- **Data excerpt**
↓

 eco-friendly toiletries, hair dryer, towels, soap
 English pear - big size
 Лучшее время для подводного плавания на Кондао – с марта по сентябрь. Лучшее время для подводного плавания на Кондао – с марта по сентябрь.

↑

Copy out the material above in its entirety, exactly.

- **Answer box**
 eco-friendly toiletries, hair dryer, towels, soap
 English pear - big size
 Лучшее время для подводного плавания на Кондао – с марта по сентябрь. Лучшее время для подводного плавания на Кондао – с марта по сентябрь.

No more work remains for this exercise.